Il frappa à la porte et une vieille femme ouvrit, grande et forte, le visage lourd et plissé, les cheveux enfermés dans un fichu à fleurs. Ses yeux très sombres se portèrent sur les quatre agents, en silence. Puis elle ôta la cigarette qui pendait à sa bouche.

— Les flics, dit-elle.

Ce n’était pas une question mais un diagnostic ferme.

— Les flics, confirma Adamsberg en entrant. Clémentine Courbet ?

— Soi-même, répondit Clémentine.

La vieille femme les fit entrer dans son salon, retapa la banquette avant de les faire asseoir.

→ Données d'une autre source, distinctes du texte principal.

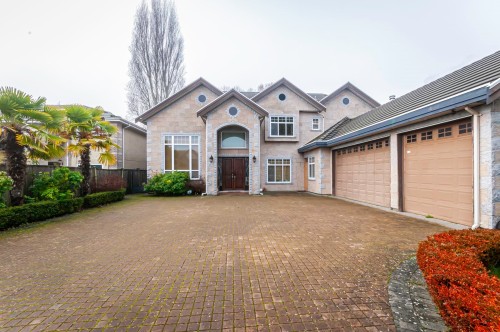 8151 Claybrook Road, Richmond, BC 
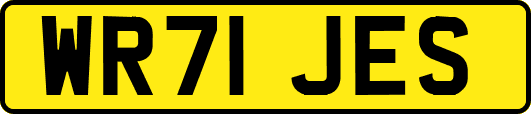 WR71JES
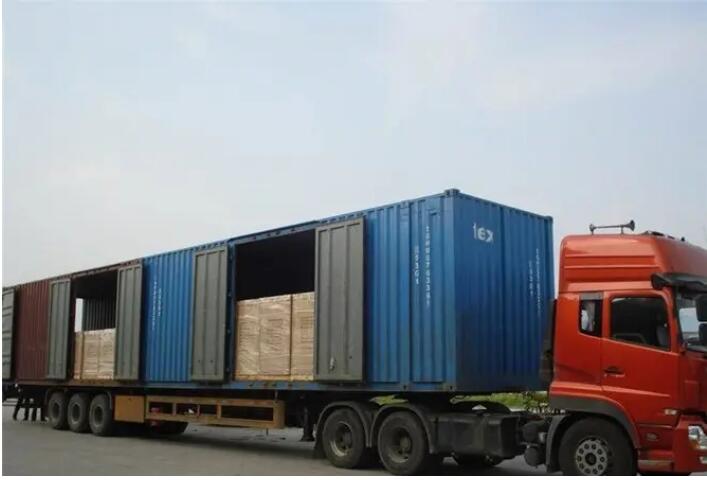 漳州到小金县整车运输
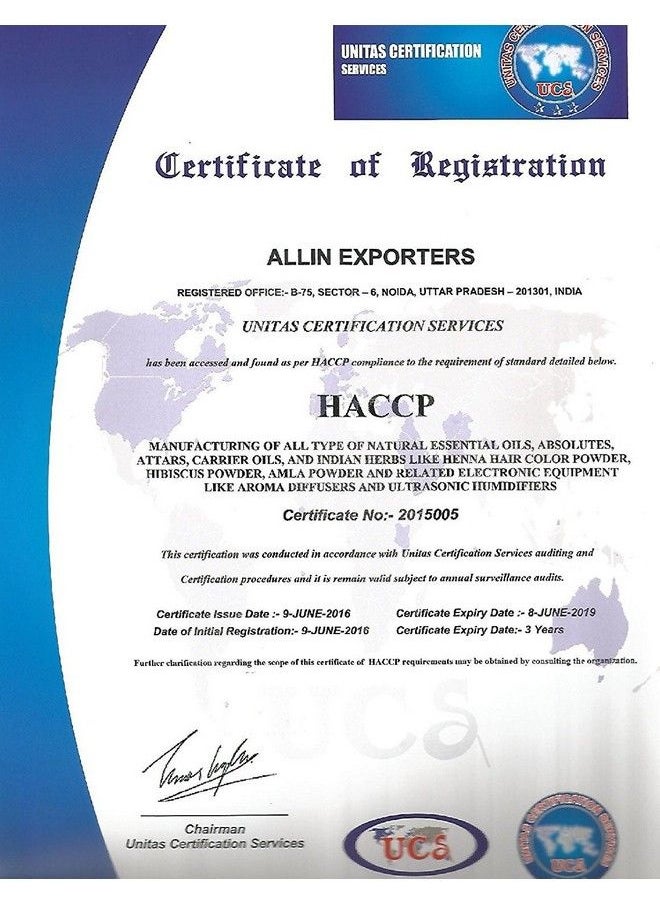 Allin Exporters Coconut Oil For Hair Skin Face And Body 100% Natural Undiluted And Cold Pressed (1000 Ml)  - Image 3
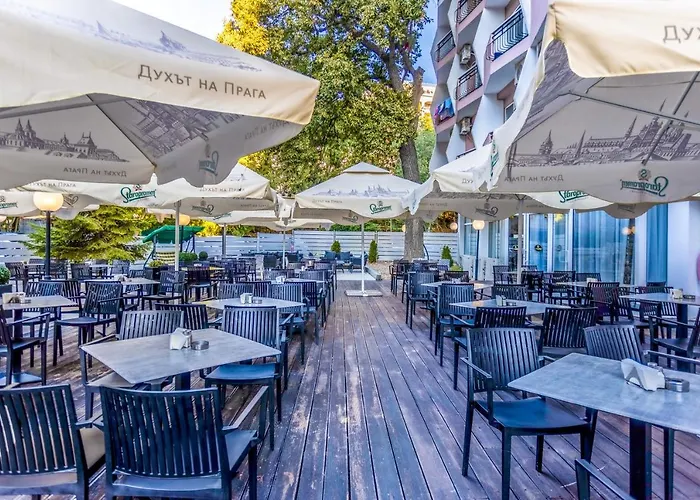 Prestige Deluxe Aquapark Club Hotel 4*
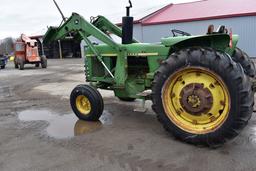 John Deere 2840 W/ 148 Loader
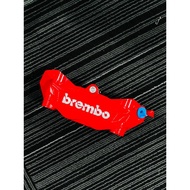 100% Original Brembo M3 / K50 RH 100MM Brake Caliper 4Pot Piston Universal Xmax Y15 Y16 NVX Nmax LC1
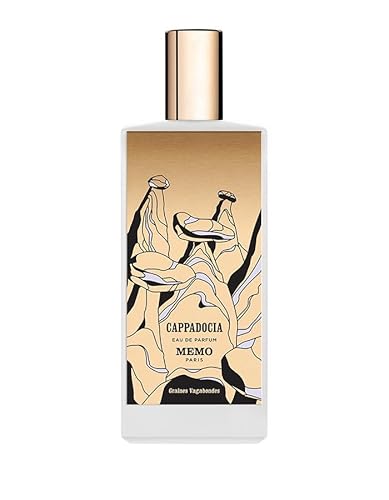 Memo Paris Cappadocia Eau De Parfum Da 75 Ml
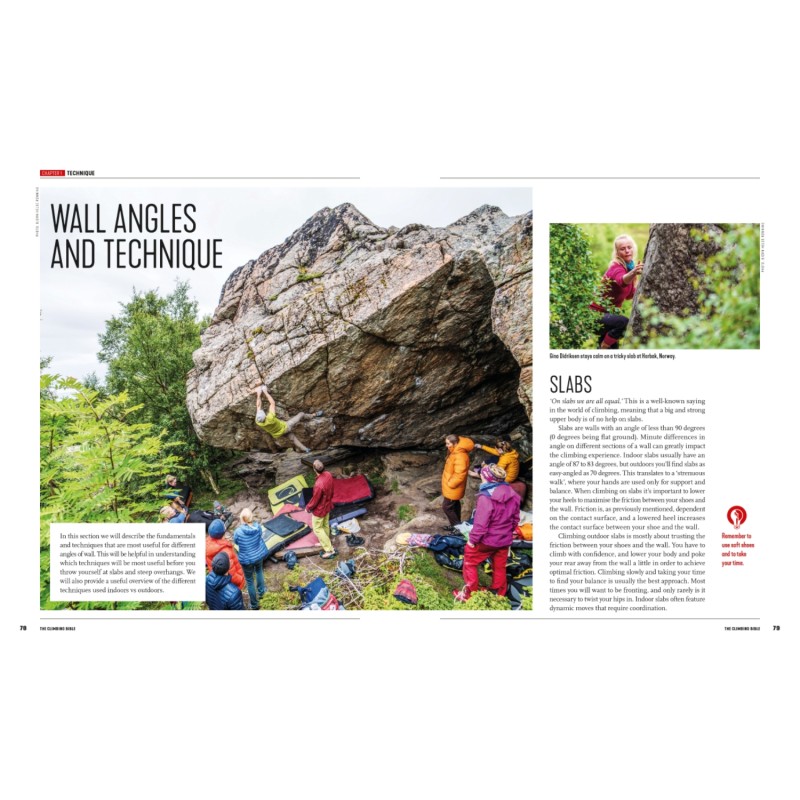 The Climbing Bible: Training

— Y a des femmes, maintenant, dans la police ? dit-elle avec un regard méprisant vers le lieutenant Hélène Froissy. Ben je vous fais pas mes compliments. Vous ne croyez pas qu’il y a assez de types qui jouent aux armes à feu sans vouloir les imiter, non ? Vous auriez pas d’autres idées, des foyes ?

Clémentine prononçait « des foyes », à la paysanne.

Elle s’éloigna en soupirant dans sa cuisine et revint en portant un plateau chargé de verres et une assiette de gâteaux.

— L’imagination, c’est ça qui fait toujours défaut, conclut-elle en posant son plateau sur une petite table à napperon, devant la banquette à fleurs. Vin cuit, galettes à la peau de lait, ça vous dit ?

Adamsberg la regardait, surpris, presque séduit par son lourd visage abîmé. Kernorkian fit comprendre au commissaire qu’il ne cracherait pas sur les galettes, le sandwich avalé en voiture ne lui tenant pas au corps.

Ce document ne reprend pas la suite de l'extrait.